After developing the model, Cherny and his colleagues used it to rank 77 cancer drugs. While some ranked high for clinical effectiveness, 21 expensive drugs received a ranking of only 1 or 2, having been found to be of low or negligible effectiveness.
One example is Tarceva, used to treat metastatic pancreatic cancer. According to the study, it extends patients’ lives by just nine days, and its impact on their quality of life has not been assessed. Yet it costs about 25,000 shekels per month ($6,600).
Then there’s Afinitor, “a third-line treatment for metastatic breast cancer,” which is currently in the health basket. It was found not to have contributed at all to patients’ overall survival or quality of life, but it costs 20,000 shekels per month.
“The chutzpah of the drug companies is mind-boggling,” Cherny said. “When a company is charging 25,000 shekels a month for a drug that extends a patient’s life by nine days, clearly there’s no connection between the price and the clinical benefit. If we know these drugs are so ineffective, why not take them out of the health basket and make room for other, more effective drugs?”
The hype surrounding new cancer drugs is not always completely deliberate. “There are many reasons why people interpret data in a more optimistic light than is justified, and I’m not just talking about people who have a clear interest here. We all have a certain tendency to optimism,” Cherny said. “In most cases, it’s motivated by goodwill and the need to offer encouragement, but there’s a marketing aspect here too, and some people exploit this optimism for sales purposes.”
It’s very easy to be persuaded when doctors say they’ve seen “miracle” results. “When you participate in a clinical trial and the results are positive, you want to believe that you’re changing the world,” Cherny said. “It’s important to always put things in the right proportion and to continue monitoring the findings and the latest data. I think our model will help with that.”
Last week, ASCO announced that it is also adopting a new model that will enable oncologists to compare drug treatments for four common types of cancer based on survival rates, side effects and cost.
Novartis, which manufactures Afinitor, responded that the drug in conjunction with hormonal therapy extends patients’ life expectancy to nearly three times what it was previously.
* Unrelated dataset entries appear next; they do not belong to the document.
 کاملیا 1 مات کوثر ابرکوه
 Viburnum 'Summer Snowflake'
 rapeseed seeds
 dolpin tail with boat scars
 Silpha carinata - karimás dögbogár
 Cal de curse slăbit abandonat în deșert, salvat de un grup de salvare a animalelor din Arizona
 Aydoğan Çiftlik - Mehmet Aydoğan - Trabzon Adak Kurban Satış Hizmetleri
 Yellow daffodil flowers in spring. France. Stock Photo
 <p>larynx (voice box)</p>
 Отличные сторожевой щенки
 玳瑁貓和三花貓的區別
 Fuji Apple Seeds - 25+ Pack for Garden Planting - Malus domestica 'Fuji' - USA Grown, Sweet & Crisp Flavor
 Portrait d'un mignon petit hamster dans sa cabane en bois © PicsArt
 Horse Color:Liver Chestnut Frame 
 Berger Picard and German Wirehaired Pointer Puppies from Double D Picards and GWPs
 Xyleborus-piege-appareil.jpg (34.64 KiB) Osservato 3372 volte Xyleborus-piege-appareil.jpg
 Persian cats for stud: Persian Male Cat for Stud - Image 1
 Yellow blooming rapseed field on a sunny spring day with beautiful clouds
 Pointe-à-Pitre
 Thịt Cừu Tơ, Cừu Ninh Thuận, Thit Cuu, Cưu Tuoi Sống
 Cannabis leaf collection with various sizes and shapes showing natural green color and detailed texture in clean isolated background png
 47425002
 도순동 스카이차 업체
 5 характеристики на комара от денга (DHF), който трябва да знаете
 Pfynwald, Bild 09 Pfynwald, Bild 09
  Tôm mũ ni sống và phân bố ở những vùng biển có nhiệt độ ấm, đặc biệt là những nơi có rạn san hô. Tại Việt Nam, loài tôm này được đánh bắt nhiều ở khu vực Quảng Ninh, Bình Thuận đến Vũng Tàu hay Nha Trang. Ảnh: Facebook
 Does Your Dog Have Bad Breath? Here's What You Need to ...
With the treatment, their average survival time was 31 months, and the chance of the disease progressing was cut by 62 percent, it said.
Cherny blasted Novartis’ response, noting, “The addition of Afinitor did increase the time until the cancer started to progress by three times what it was previously. But (and importantly) this did not result in any improvement in the quality of life of patients taking the medication, nor did it statistically improve the amount of time they lived overall, which was [still] about 31 months.”
Roche, which makes Tarceva, did not respond to a request for comment.
Prof. Jonathan Halevy, director of Shaare Zedek and chairman of the health basket committee, said, “The committee’s discussions are based upon the very latest research. All our questions begin with the subject of the drug’s effectiveness. During the clinical stages of the discussions, there is no discussion of the financial aspect.
“I have great admiration for the new model, but it’s brand new,” he added. “It passes the test of logic, but it will also have to pass the test of reality. If it eventually becomes the ‘gold standard,’ we’ll definitely have to take it into account.”